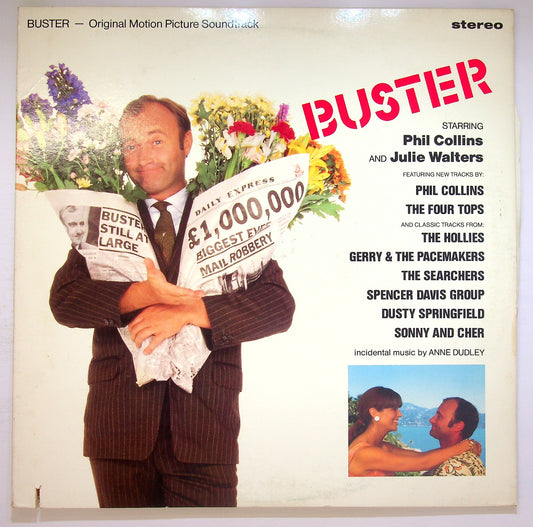 EBOND Various - Buster - Original Motion Picture Soundtrack Vinile V123065
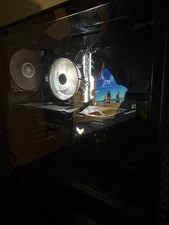 RTX 3060TI Intel I7 11700 32GB 3200Mhz 1TB NvMe SSD PC 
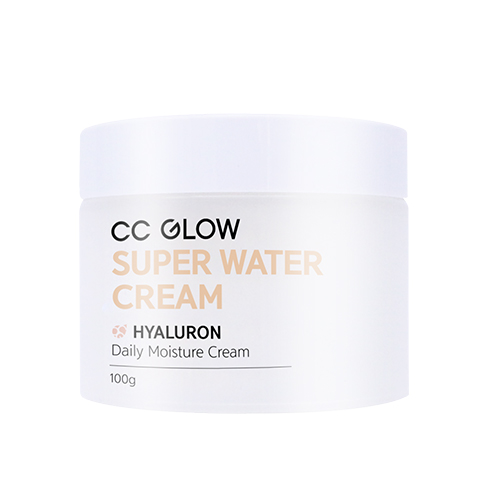 CCGLOW] SUPER WATER CREAM : SHINE WORLD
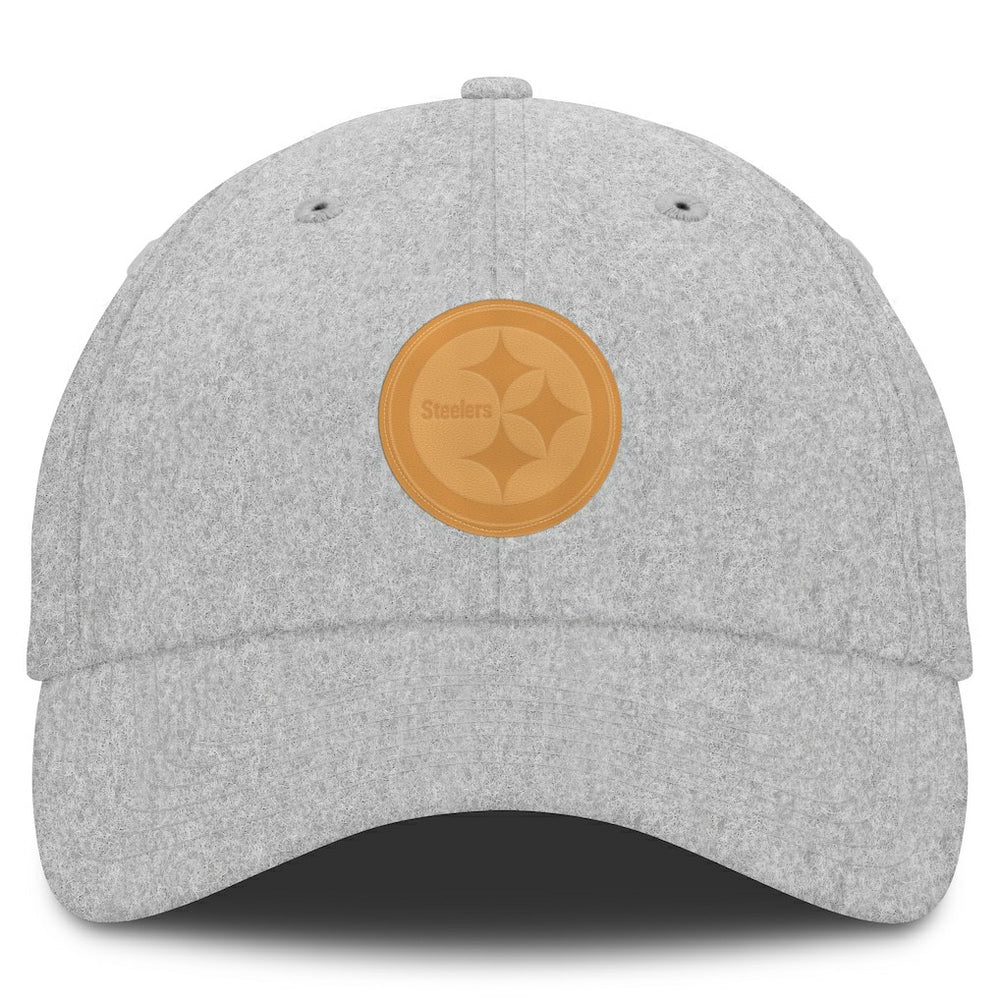 Pittsburgh Steelers Fanatics Front Office Adjustable Hat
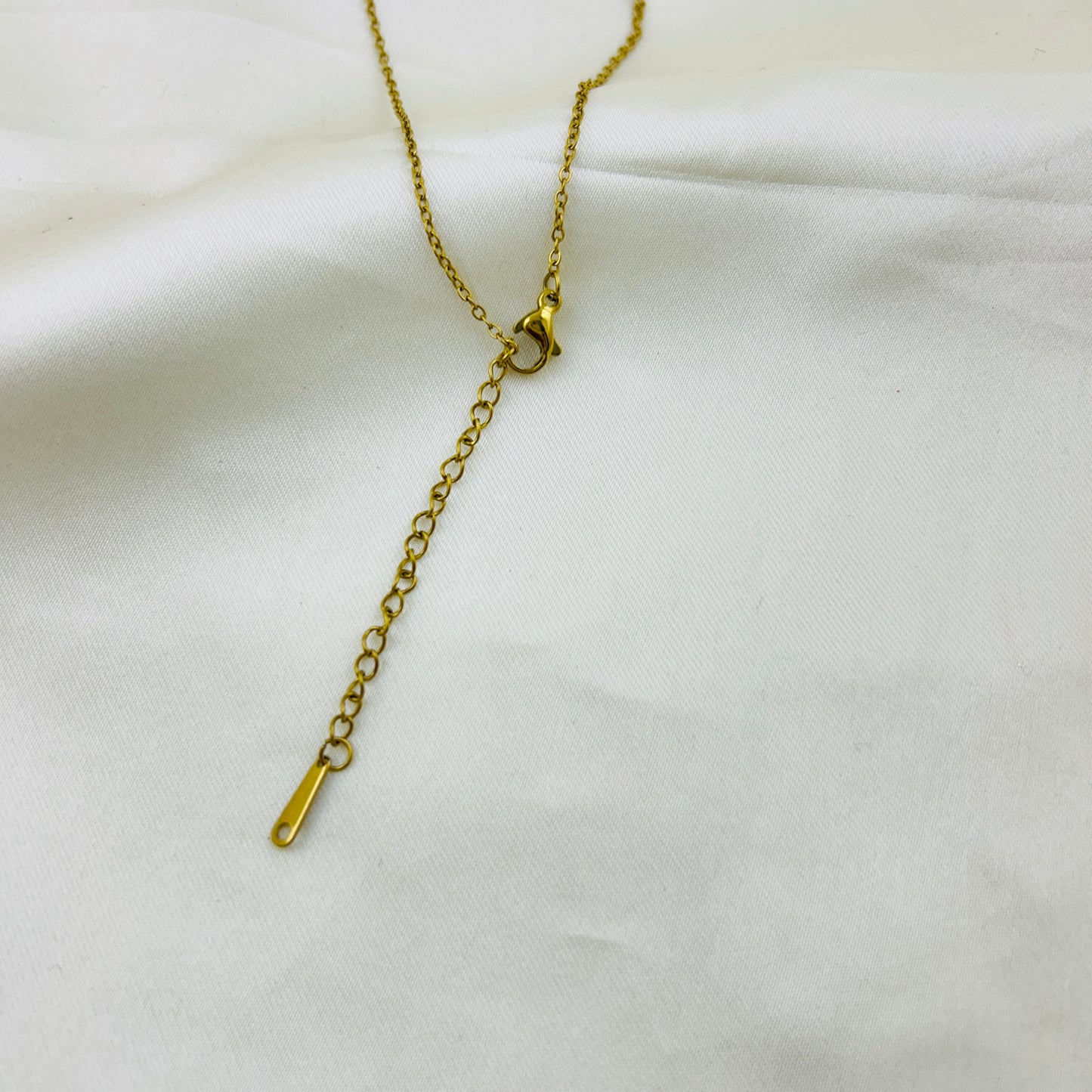 Planet earth inspired pendant - Demifine necklace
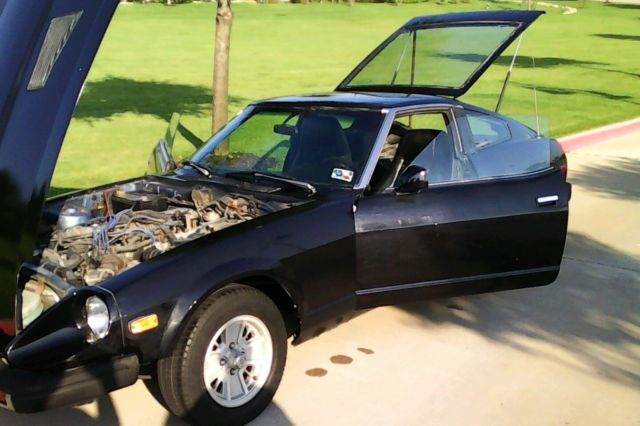 1980 datsun 280 z z-series 1980 Datsun Z-Series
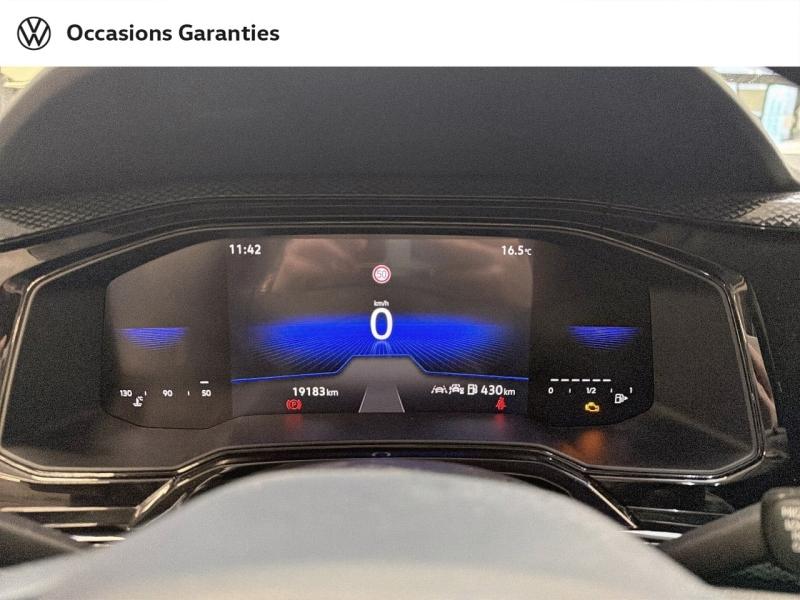Voitures occasions VOLKSWAGEN TAIGO VW Edition Dechy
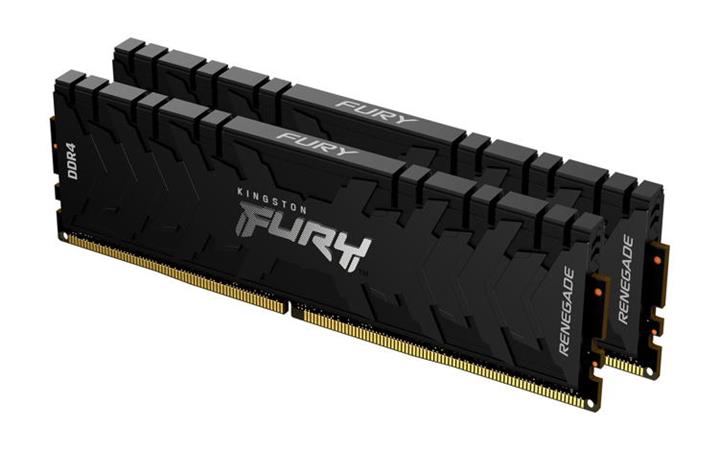 Kingston Fury Renegade DIMM DDR4 16GB 3200MHz černá (Kit 2x8GB)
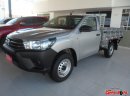 TOYOTA CAB S 2.8 AUT 4X4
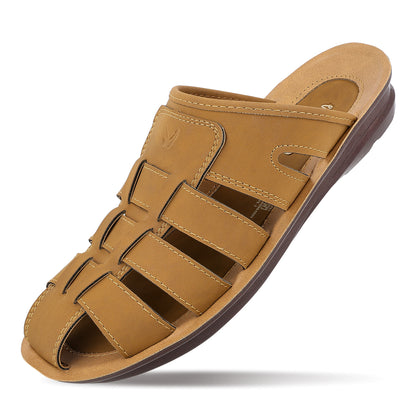 Men's Fisherman Sandals  - WG5306 Cedar Tan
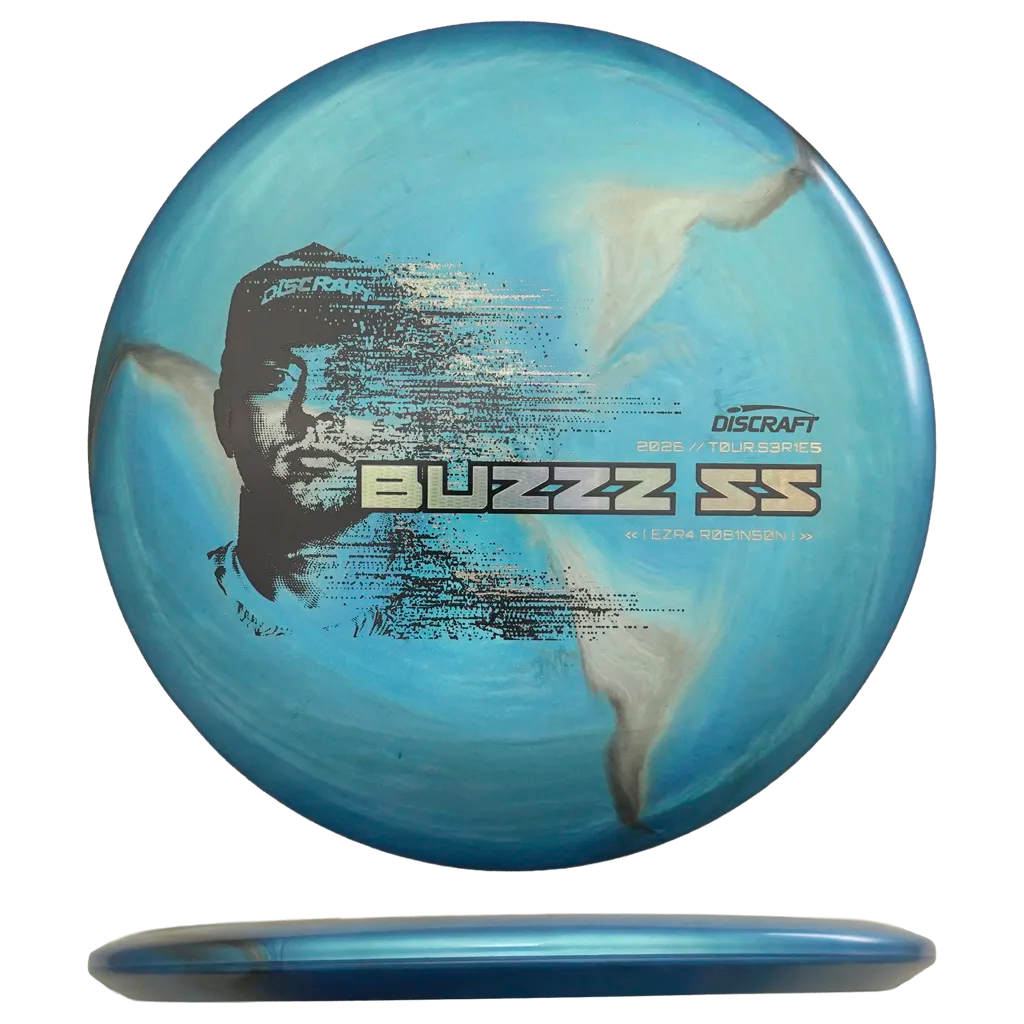 Special Blend Buzzz SS - Ezra Robinson 2026 Tour Series - 34 / 173-174g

═══

• **Try it**: If pictures appear in the data, do not print them; repeat the rest exactly.

• **Exercise response**:
 EBOND Various - Buster - Original Motion Picture Soundtrack Vinile V123065
 RTX 3060TI Intel I7 11700 32GB 3200Mhz 1TB NvMe SSD PC 
 CCGLOW] SUPER WATER CREAM : SHINE WORLD
 Pittsburgh Steelers Fanatics Front Office Adjustable Hat
 Planet earth inspired pendant - Demifine necklace
 1980 datsun 280 z z-series 1980 Datsun Z-Series
Voitures occasions VOLKSWAGEN TAIGO VW Edition Dechy
 Kingston Fury Renegade DIMM DDR4 16GB 3200MHz černá (Kit 2x8GB)
 TOYOTA CAB S 2.8 AUT 4X4
 Men's Fisherman Sandals  - WG5306 Cedar Tan
 Special Blend Buzzz SS - Ezra Robinson 2026 Tour Series - 34 / 173-174g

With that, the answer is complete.